25 Jun 2013 12:05 PM
The amount of money which long-serving staff can receive in retirement if their company folds is set to increase, the Minister for Pensions has announced.

Long service is not currently taken into account when a person whose defined benefit pension scheme collapses and is then taken over by the Pension Protection Fund (PPF). The government is to increase the maximum level for those receiving capped compensation by 3% for every year of service over 20 years.

This means someone who has contributed to a pension scheme for 40 years and accrued a pension of £50,000, only for the scheme to wind up and have insufficient funds to pay out, would receive £45,000 – rather than the current capped amount of £31,380.

Minister for Pensions Steve Webb said:
People whose employer becomes insolvent can already get compensation when they retire through the PPF. But the scheme does not recognise the long service of those who were members of their pension scheme for over 20 years.

It cannot be right that someone who has been with a company for much of their working life – and relies heavily on that for their pension income – gets the same in compensation as someone with far shorter service and who could also have other pension income to fall back on.

I want to ensure that those who are or could be affected will in future have their long service recognised in the form of higher compensation.

The decision comes after a review of how the PPF compensation cap operates, following the collapse of car parts firm Visteon in 2009.


More information
Read the Written Ministerial Statement about changes to the compensation cap.
Today’s announcement means those members of pension schemes for more than 20 years will have the cap on their compensation raised by 3% for each year above 20 years.

The Pension Protection Fund provides compensation to members of eligible defined benefit pension schemes, when there is a qualifying insolvency event for the employer, and where there are insufficient assets in the pension scheme to cover the PPF level of compensation.

To benefit from the cap increase, the person’s pension scheme must be a defined benefit scheme and eligible to enter the PPF.

The PPF pays two levels of compensation. Anyone over their scheme’s pension age whose scheme’s employer goes through insolvency gets compensated 100%, uncapped.
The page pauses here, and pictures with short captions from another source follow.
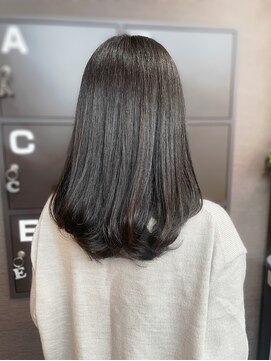 ヘアーアンドメイク ピース(HAIR&MAKE peace) 柔らかいグレージュ
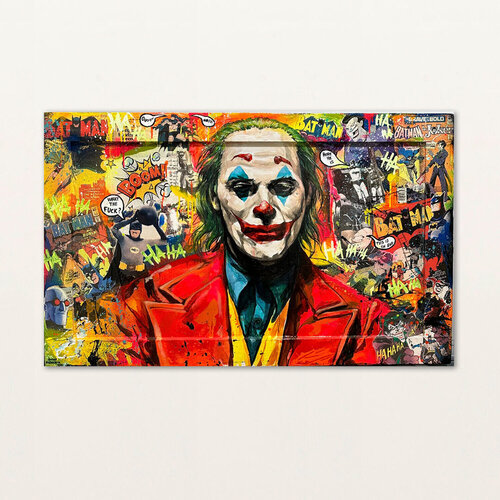 The Joker by Roman Kozhokin, 회화 for Sale on Singulart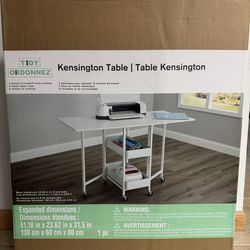 Rolling Table Cart — Kensington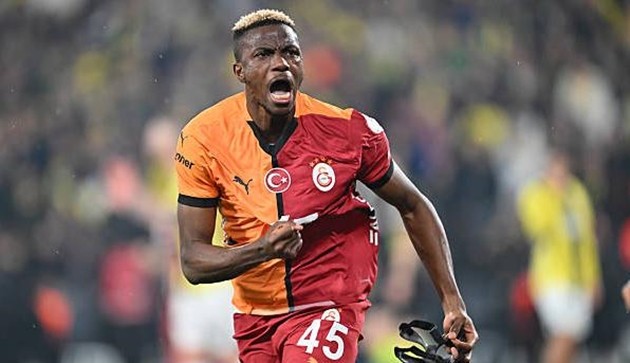 Tiền đạo Victor Osimhen của Napoli trong tầm ngắm chuyển nhượng Chelsea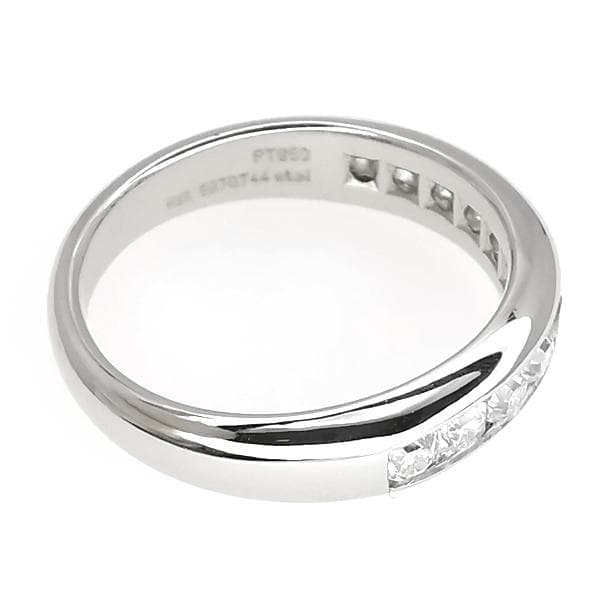 ティファニー TIFFANY ルシダ ダイヤ リング ハーフサークル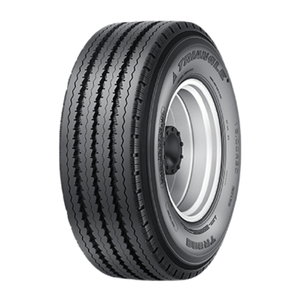 ล้อยางรถบรรทุกทรงสามเหลี่ยม TRD02 + 12r225 12R22.5 16pr 18pr สามเหลี่ยม12R22.5ยี่ห้อ - Product Image 3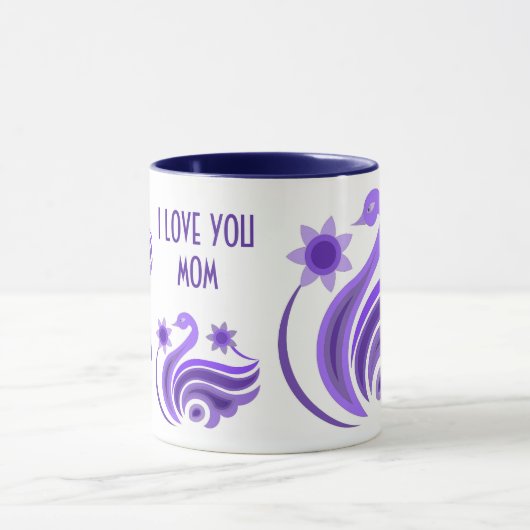 CREATIEVE BIRD-MOK VOOR CADEAU MOK (Midden)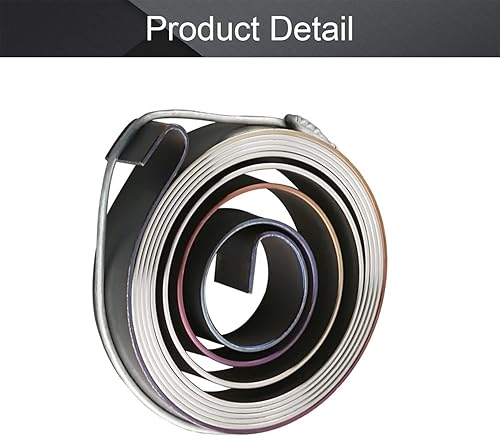 Miniatura 22 de MroMax 1 resorte de prensa de taladro, diámetro exterior de 1.65 pulgadas, 0.31 pulgadas de ancho, 0.03 pulgadas de grosor, longitud de expansión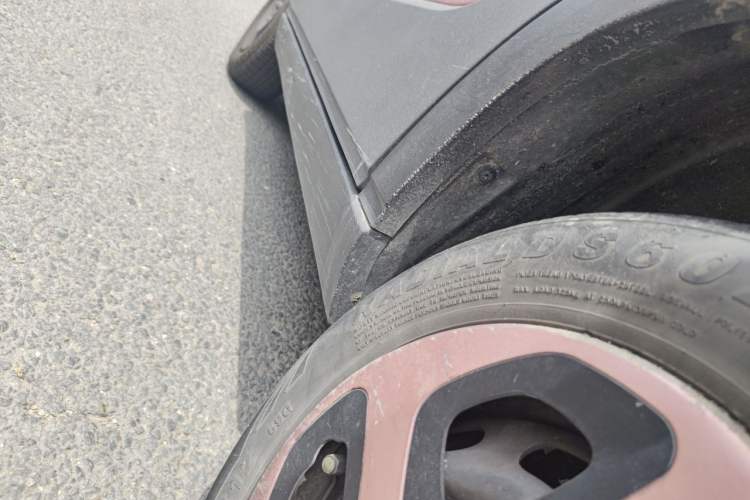 Used Baojun E100 2019 250KM Smart Drive Edition Chassis Rear Left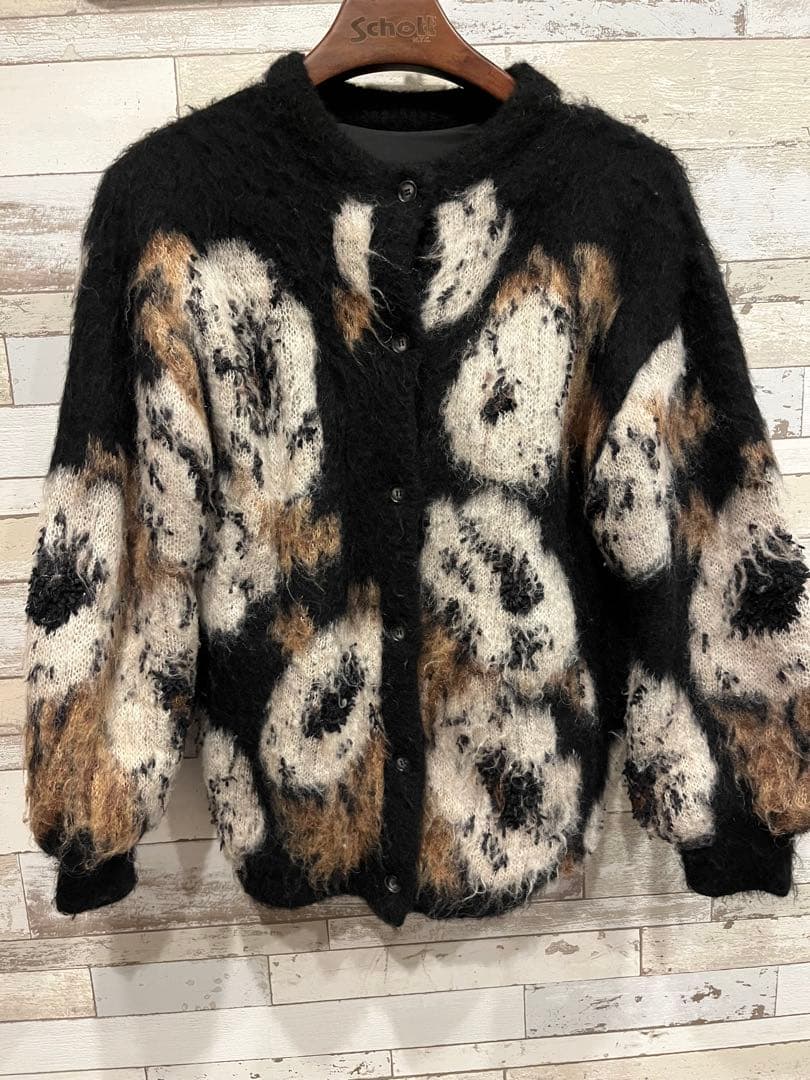 Ameri アメリヴィンテージ　花柄カーディガン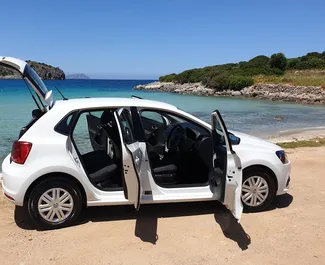 Noleggio auto Volkswagen Polo 2018 in Grecia, con carburante Benzina e 75 cavalli di potenza ➤ A partire da 31 EUR al giorno.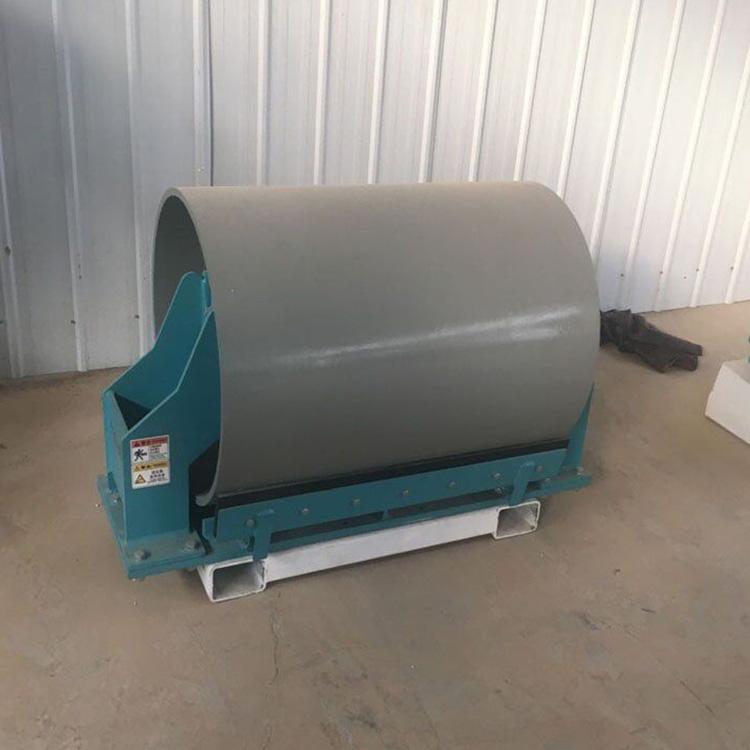 中拓 履带式夯实机 高频滚筒夯实器 管道建设震动夯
But anyone who is under scheme pension age at that point is entitled to 90% compensation, which is capped where relevant.

Those who stand to gain extra compensation will either already be in receipt of capped compensation or would have their pension capped when they come to pensionable age.

They will also need to have been a member of a scheme for 21 years or more when the scheme transferred to the PPF.

The revised compensation cap will not be backdated: anyone covered by this change who is already in receipt of capped compensation will get the increase from the date the relevant legislation is in place.

The revised cap will also affect any scheme that does not enter the PPF, but only where it begins to wind up or enters the PPF assessment period after the revised cap is introduced.